Checking whether there is an H2O instance running at http://localhost:54321 . connected.


0,1
H2O_cluster_uptime:,2 hours 19 mins
H2O_cluster_timezone:,America/Denver
H2O_data_parsing_timezone:,UTC
H2O_cluster_version:,3.30.1.1
H2O_cluster_version_age:,1 month and 23 days
H2O_cluster_name:,H2O_from_python_rdangol_ltdftd
H2O_cluster_total_nodes:,1
H2O_cluster_free_memory:,3.953 Gb
H2O_cluster_total_cores:,8
H2O_cluster_allowed_cores:,8


## IMPORT Data

In [3]:
with open("grid_search_data_type.json", "r") as f_handle:
    data_types = json.load(f_handle)

In [4]:
data = h2o.import_file("grid_search.csv", col_types=data_types)

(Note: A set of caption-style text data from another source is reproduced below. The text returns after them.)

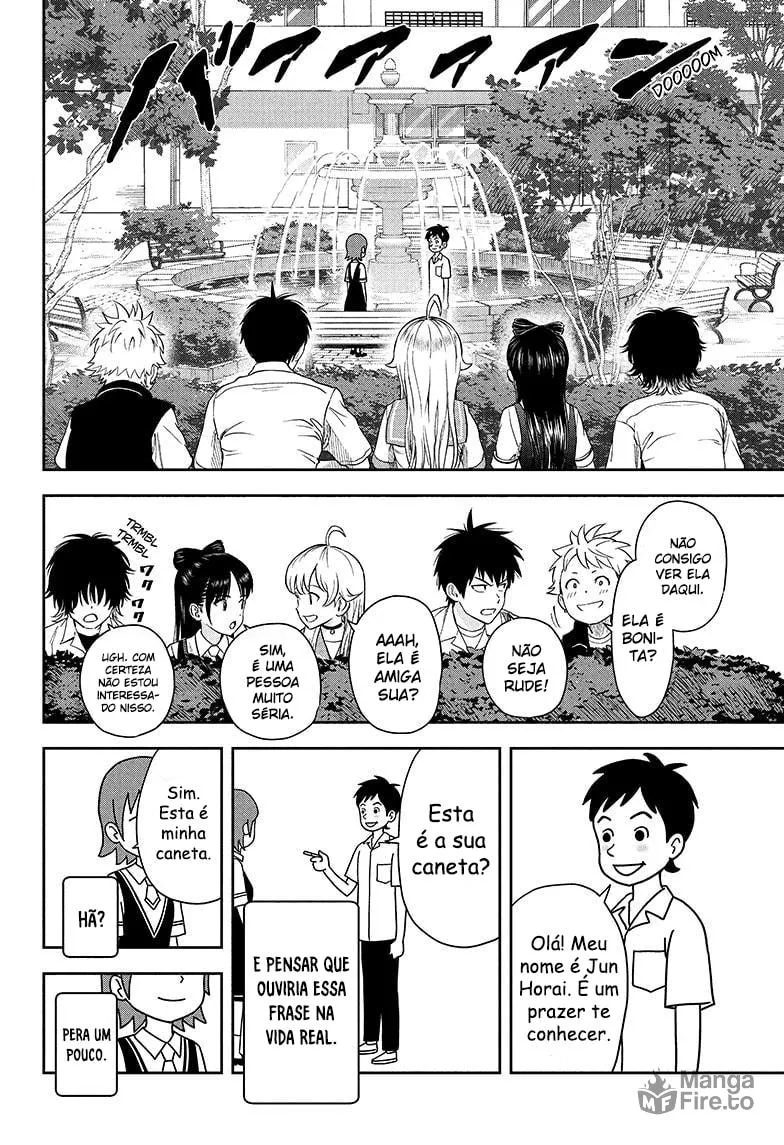 Read Witch Watch PT Manga Online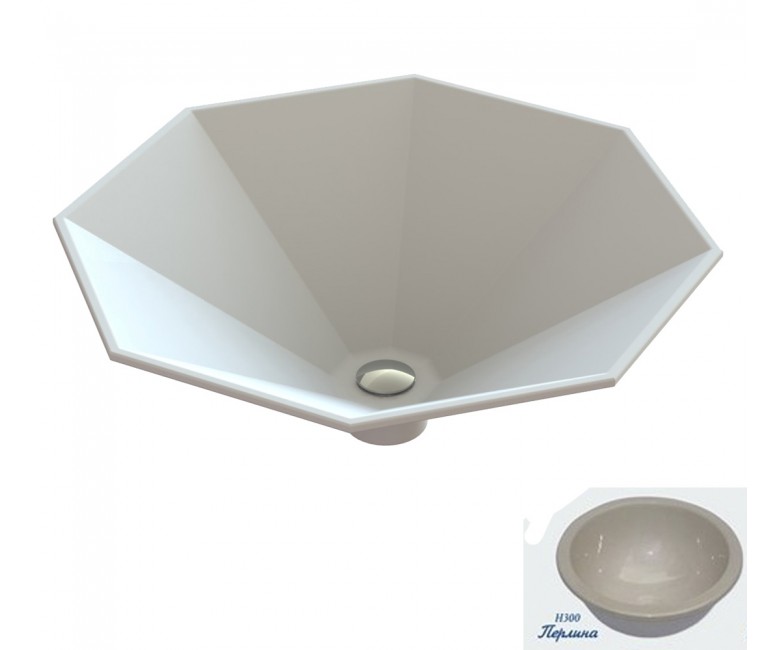 Умывальник в ванную SNAIL СИРИУС 113H300 113H300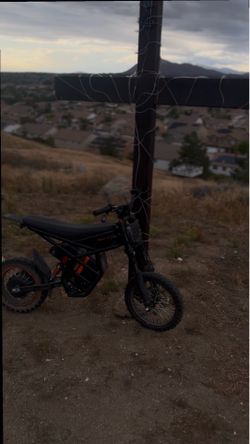 Gt54 doesn’t have 2500 miles yet will need new brake pads and left peg snapped but rides perfectly still tires back a lil bald still good bike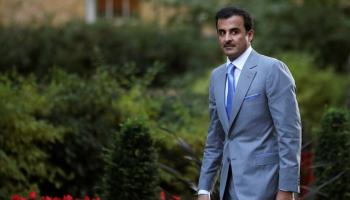 تميم بن حمد أمير قطر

Parse progress: |█████████████████████████████████████████████████████████| 100%


## Prepare Data

In [5]:
data = data[data.col_names[1:]]

In [6]:
# Identify predictors and response
x = data.columns
y = "target"
x.remove(y)

# For binary classification, response should be a factor
data[y] = data[y].asfactor()


# Split data into train & validation
train, valid = data.split_frame([0.8])

## GBM Grid Search

In [4]:
# GBM hyperparameters
gbm_params1 = { 'ntrees':[100, 500, 1000],
               'learn_rate': [0.01,0.4, 0.1],
                'max_depth': [3, 5, 9],
                'sample_rate': [0.1,0.5, 1.0],
                'col_sample_rate': [0.2, 0.5, 1.0]}

# Train and validate a cartesian grid of GBMs
gbm_grid1 = H2OGridSearch(model=H2OGradientBoostingEstimator,
                          grid_id='gbm_grid1',
                          hyper_params=gbm_params1)
gbm_grid1.train(x=x, 
                y=y,
                training_frame=train,
                validation_frame=valid,
                ntrees=100,
                seed=1)

# Get the grid results, sorted by validation AUC
gbm_gridperf1 = gbm_grid1.get_grid(sort_by='auc', decreasing=True)
gbm_gridperf1

# Grab the top GBM model, chosen by validation AUC
best_gbm1 = gbm_gridperf1.models[0]

# Now let's evaluate the model performance on a test set
# so we get an honest estimate of top model performance

In [28]:
best_gbm1.F1()

[[0.3075587616663262, 0.6679031530402527]]

In [5]:
best_gbm_perf1 = best_gbm1.model_performance(valid)

## Save params

In [6]:
# Now let's evaluate the model performance on a test set
# so we get an honest estimate of top model performance
# save the hyper parameters as json file for later use

params = best_gbm1.actual_params
with open("hyperparams/gbm_grid_param.json", 'w') as json_file:
        json_file.write(json.dumps(params, indent=4))

## XGBoost Grid Search

In [7]:
xgb_params1 = { 'ntrees': [100, 120, 150, 200], 
                'max_depth' : [3, 5, 10], 
                'min_rows' : [1, 5, 10 ],                                    
                'sample_rate' : [0.5, 0.7, 0.9],                 
                'col_sample_rate_per_tree' : [0.5, 0.7, 0.9]} 

# Train and validate a cartesian grid of GBMs
xgb_grid1 = H2OGridSearch(model=H2OXGBoostEstimator,
                          grid_id='xgb_grid1',
                          hyper_params=xgb_params1)
xgb_grid1.train(x=x, 
                y=y,
                training_frame=train,
                validation_frame=valid,
                seed=123)

xgboost Grid Build progress: |████████████████████████████████████████████| 100%


In [8]:
# Get the grid results, sorted by validation AUC
xgb_gridperf1 = xgb_grid1.get_grid(sort_by='F1', decreasing=True)

# Grab the top GBM model, chosen by validation AUC
best_xgb1 = xgb_gridperf1.models[0]

## Save the XGBoost Hyper Param

In [9]:
# Now let's evaluate the model performance on a test set
# so we get an honest estimate of top model performance

# save the hyper parameters as json file for later use
params = best_xgb1.actual_params
with open("hyperparams/xgb_grid_param.json", 'w') as json_file:
        json_file.write(json.dumps(params, indent=4))

## How to Use it 

In [30]:
with open("hyperparams/xgb_grid_param.json", "r") as f_handle:
    hyper_params = json.load(f_handle)

remove_params = ['response_column','ignored_columns','model_id','training_frame',
                     'validation_frame','calibration_frame','seed']

params = {key: hyper_params[key] for key in hyper_params if key not in remove_params}